先日の伊達市の視察の翌日、札幌市のこども未来局で「札幌市子どもの最善の利益を実現するための権利条例」、いわゆる「子どもの権利条例」の制定について、こども未来局の担当職員からの説明と、札幌市子どもの権利救済機関である「子どもアシストセンター」について調査をしました。
 2003年に当時の市長の施政方針で「子どもの権利条例の制定」が明記され、制定へ向けた取り組みが開始されました。その取り組み経過は以下の通りです。
05年4月 「札幌市子どもの権利条例制定検討委員会」発足
06年2月 「札幌市子どもの権利条例子ども委員会」発足
06年7月 条例素案に対するパブリックコメント
 ※子ども用・大人用の条例素案の説明を作成し、3,504人からの意見
■07年2月 「札幌市子どもの権利に関する条例案」を議会へ提案し、否決
■07年8月 「札幌市子どもの権利条例検討会議」の設置
08年2月 条例素案に対する2回目のパブリックコメント
 ※子ども、大人から383人から意見
■08年5月 「札幌市子どもの権利に関する条例案」を議会へ提案し、継続審議
 ※議会に、720件の請願・陳情が寄せられる。その後、フォーラムなど開催
■08年11月 名称が「札幌市子どもの最善の利益を実現するための権利条例」と修正の上、可決
■09年4月 条例施行。
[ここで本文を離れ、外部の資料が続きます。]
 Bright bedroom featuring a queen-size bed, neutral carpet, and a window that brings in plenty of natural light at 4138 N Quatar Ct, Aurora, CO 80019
「札幌市子どもの権利救済機関(子どもアシストセンター)」開設

 このような経過のもとに条例がスタートしています。「子どもの権利条例」は、児童の権利に関する条約、いわゆる子どもの権利条約に基づいています。自立した社会性のある大人への成長、子どもの視点のまちづくり、子どもがいじめや虐待から守られる権利、権利の侵害からの救済が目的です。
 子どもの権利条例は川崎市、名古屋市、札幌市で制定されています。その他の自治体でも、制定されているところもあります。広島市が制定に向けて取り組まれています。


 「子どもアシストセンター」の運営は16名で、その内、救済委員2名(弁護士、臨床心理士)の方が非常勤で担当されています。月曜日から金曜日は午前10時から午後8時まで。土曜日は午後3時まで開設されています。友人関係の悩みが多く寄せられています。1人で直接センターに相談に来る子どももいるとのことです。
 写真上は、子どもアシストセンター前。写真下は、センター内の相談室。窓の無い部屋もあるので、プライバシーは守られます。